# Aim of the exercise
Print the line that has "Shake-it Pineapple Mixer" in it, then every remaining line of the data, exactly and without anything extra.

# Data for this task
===============

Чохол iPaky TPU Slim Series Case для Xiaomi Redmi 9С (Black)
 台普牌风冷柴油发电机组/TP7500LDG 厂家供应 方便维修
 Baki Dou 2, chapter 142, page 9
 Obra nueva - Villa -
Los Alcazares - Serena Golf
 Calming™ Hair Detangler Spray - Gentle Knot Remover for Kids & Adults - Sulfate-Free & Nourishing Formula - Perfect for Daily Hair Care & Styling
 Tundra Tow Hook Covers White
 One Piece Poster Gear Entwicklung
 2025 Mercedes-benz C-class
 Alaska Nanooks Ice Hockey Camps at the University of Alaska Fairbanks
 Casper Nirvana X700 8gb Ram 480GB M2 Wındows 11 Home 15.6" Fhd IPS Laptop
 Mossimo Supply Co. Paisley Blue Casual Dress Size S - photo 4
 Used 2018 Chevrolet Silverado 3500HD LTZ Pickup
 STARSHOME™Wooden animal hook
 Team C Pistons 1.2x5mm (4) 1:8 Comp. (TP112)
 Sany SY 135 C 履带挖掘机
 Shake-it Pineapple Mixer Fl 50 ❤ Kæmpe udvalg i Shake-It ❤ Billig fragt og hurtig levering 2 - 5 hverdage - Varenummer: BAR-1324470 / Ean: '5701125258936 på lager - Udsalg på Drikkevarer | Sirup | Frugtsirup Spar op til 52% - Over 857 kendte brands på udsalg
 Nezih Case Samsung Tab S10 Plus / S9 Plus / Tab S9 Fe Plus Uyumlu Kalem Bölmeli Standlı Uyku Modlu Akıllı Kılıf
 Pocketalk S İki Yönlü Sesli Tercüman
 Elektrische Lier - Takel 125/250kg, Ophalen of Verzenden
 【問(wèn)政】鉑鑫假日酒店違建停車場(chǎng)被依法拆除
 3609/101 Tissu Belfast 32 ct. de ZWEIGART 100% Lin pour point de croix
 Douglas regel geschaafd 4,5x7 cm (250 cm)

===============

# Answer below
 Shake-it Pineapple Mixer Fl 50 ❤ Kæmpe udvalg i Shake-It ❤ Billig fragt og hurtig levering 2 - 5 hverdage - Varenummer: BAR-1324470 / Ean: '5701125258936 på lager - Udsalg på Drikkevarer | Sirup | Frugtsirup Spar op til 52% - Over 857 kendte brands på udsalg
 Nezih Case Samsung Tab S10 Plus / S9 Plus / Tab S9 Fe Plus Uyumlu Kalem Bölmeli Standlı Uyku Modlu Akıllı Kılıf
 Pocketalk S İki Yönlü Sesli Tercüman
 Elektrische Lier - Takel 125/250kg, Ophalen of Verzenden
 【問(wèn)政】鉑鑫假日酒店違建停車場(chǎng)被依法拆除
 3609/101 Tissu Belfast 32 ct. de ZWEIGART 100% Lin pour point de croix
 Douglas regel geschaafd 4,5x7 cm (250 cm)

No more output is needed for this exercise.